# Task requirements
Below are some records; write them all out again exactly.

** Supplied records follows **

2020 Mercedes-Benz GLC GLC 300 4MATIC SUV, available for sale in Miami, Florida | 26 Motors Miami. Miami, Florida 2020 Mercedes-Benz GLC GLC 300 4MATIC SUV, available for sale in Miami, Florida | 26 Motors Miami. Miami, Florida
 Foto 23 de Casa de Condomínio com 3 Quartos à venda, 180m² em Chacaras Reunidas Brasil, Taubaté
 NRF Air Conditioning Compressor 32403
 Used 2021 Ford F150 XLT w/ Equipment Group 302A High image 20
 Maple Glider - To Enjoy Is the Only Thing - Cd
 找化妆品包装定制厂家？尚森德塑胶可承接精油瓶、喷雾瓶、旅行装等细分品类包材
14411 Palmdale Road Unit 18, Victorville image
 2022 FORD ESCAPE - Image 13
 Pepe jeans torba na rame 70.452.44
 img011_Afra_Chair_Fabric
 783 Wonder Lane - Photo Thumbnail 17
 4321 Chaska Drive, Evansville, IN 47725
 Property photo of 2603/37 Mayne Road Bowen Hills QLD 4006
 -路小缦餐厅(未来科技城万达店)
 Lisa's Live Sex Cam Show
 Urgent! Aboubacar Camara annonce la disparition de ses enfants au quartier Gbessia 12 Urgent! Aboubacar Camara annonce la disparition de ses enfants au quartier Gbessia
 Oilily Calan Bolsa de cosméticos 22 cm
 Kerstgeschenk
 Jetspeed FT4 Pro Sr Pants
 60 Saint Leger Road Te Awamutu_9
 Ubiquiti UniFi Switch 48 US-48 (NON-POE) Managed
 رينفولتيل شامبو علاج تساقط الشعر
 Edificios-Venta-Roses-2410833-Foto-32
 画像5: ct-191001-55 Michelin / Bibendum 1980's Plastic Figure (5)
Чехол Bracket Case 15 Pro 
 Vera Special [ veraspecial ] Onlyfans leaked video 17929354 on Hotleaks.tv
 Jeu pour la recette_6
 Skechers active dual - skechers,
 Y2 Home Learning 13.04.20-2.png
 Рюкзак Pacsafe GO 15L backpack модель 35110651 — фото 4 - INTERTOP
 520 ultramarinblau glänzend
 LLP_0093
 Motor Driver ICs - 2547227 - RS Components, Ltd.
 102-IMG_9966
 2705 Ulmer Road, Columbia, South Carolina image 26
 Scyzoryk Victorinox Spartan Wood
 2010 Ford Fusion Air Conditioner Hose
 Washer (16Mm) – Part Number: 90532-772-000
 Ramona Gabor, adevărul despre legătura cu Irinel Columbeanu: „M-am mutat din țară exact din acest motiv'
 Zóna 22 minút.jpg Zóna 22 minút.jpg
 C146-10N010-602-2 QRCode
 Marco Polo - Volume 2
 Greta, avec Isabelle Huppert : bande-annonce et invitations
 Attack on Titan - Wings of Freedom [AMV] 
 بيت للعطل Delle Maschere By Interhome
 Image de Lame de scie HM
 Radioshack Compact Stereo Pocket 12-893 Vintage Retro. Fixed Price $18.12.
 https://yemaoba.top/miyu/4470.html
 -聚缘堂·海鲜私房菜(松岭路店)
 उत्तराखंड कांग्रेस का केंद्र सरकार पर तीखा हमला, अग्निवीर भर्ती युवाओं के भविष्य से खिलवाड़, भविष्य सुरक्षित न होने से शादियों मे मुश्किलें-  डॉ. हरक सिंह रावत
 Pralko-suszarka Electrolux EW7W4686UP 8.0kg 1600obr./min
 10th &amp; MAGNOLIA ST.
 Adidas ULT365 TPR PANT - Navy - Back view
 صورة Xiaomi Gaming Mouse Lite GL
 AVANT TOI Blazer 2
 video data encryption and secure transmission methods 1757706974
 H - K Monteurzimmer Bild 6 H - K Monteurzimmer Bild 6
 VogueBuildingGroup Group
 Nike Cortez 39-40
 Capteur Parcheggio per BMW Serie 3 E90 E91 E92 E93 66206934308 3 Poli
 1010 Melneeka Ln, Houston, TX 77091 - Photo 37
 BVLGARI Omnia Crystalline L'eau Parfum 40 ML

** End of Supplied records **

# Completed exercise
2020 Mercedes-Benz GLC GLC 300 4MATIC SUV, available for sale in Miami, Florida | 26 Motors Miami. Miami, Florida 2020 Mercedes-Benz GLC GLC 300 4MATIC SUV, available for sale in Miami, Florida | 26 Motors Miami. Miami, Florida
 Foto 23 de Casa de Condomínio com 3 Quartos à venda, 180m² em Chacaras Reunidas Brasil, Taubaté
 NRF Air Conditioning Compressor 32403
 Used 2021 Ford F150 XLT w/ Equipment Group 302A High image 20
 Maple Glider - To Enjoy Is the Only Thing - Cd
 找化妆品包装定制厂家？尚森德塑胶可承接精油瓶、喷雾瓶、旅行装等细分品类包材
14411 Palmdale Road Unit 18, Victorville image
 2022 FORD ESCAPE - Image 13
 Pepe jeans torba na rame 70.452.44
 img011_Afra_Chair_Fabric
 783 Wonder Lane - Photo Thumbnail 17
 4321 Chaska Drive, Evansville, IN 47725
 Property photo of 2603/37 Mayne Road Bowen Hills QLD 4006
 -路小缦餐厅(未来科技城万达店)
 Lisa's Live Sex Cam Show
 Urgent! Aboubacar Camara annonce la disparition de ses enfants au quartier Gbessia 12 Urgent! Aboubacar Camara annonce la disparition de ses enfants au quartier Gbessia
 Oilily Calan Bolsa de cosméticos 22 cm
 Kerstgeschenk
 Jetspeed FT4 Pro Sr Pants
 60 Saint Leger Road Te Awamutu_9
 Ubiquiti UniFi Switch 48 US-48 (NON-POE) Managed
 رينفولتيل شامبو علاج تساقط الشعر
 Edificios-Venta-Roses-2410833-Foto-32
 画像5: ct-191001-55 Michelin / Bibendum 1980's Plastic Figure (5)
Чехол Bracket Case 15 Pro 
 Vera Special [ veraspecial ] Onlyfans leaked video 17929354 on Hotleaks.tv
 Jeu pour la recette_6
 Skechers active dual - skechers,
 Y2 Home Learning 13.04.20-2.png
 Рюкзак Pacsafe GO 15L backpack модель 35110651 — фото 4 - INTERTOP
 520 ultramarinblau glänzend
 LLP_0093
 Motor Driver ICs - 2547227 - RS Components, Ltd.
 102-IMG_9966
 2705 Ulmer Road, Columbia, South Carolina image 26
 Scyzoryk Victorinox Spartan Wood
 2010 Ford Fusion Air Conditioner Hose
 Washer (16Mm) – Part Number: 90532-772-000
 Ramona Gabor, adevărul despre legătura cu Irinel Columbeanu: „M-am mutat din țară exact din acest motiv'
 Zóna 22 minút.jpg Zóna 22 minút.jpg
 C146-10N010-602-2 QRCode
 Marco Polo - Volume 2
 Greta, avec Isabelle Huppert : bande-annonce et invitations
 Attack on Titan - Wings of Freedom [AMV] 
 بيت للعطل Delle Maschere By Interhome
 Image de Lame de scie HM
 Radioshack Compact Stereo Pocket 12-893 Vintage Retro. Fixed Price $18.12.
 https://yemaoba.top/miyu/4470.html
 -聚缘堂·海鲜私房菜(松岭路店)
 उत्तराखंड कांग्रेस का केंद्र सरकार पर तीखा हमला, अग्निवीर भर्ती युवाओं के भविष्य से खिलवाड़, भविष्य सुरक्षित न होने से शादियों मे मुश्किलें-  डॉ. हरक सिंह रावत
 Pralko-suszarka Electrolux EW7W4686UP 8.0kg 1600obr./min
 10th &amp; MAGNOLIA ST.
 Adidas ULT365 TPR PANT - Navy - Back view
 صورة Xiaomi Gaming Mouse Lite GL
 AVANT TOI Blazer 2
 video data encryption and secure transmission methods 1757706974
 H - K Monteurzimmer Bild 6 H - K Monteurzimmer Bild 6
 VogueBuildingGroup Group
 Nike Cortez 39-40
 Capteur Parcheggio per BMW Serie 3 E90 E91 E92 E93 66206934308 3 Poli
 1010 Melneeka Ln, Houston, TX 77091 - Photo 37
 BVLGARI Omnia Crystalline L'eau Parfum 40 ML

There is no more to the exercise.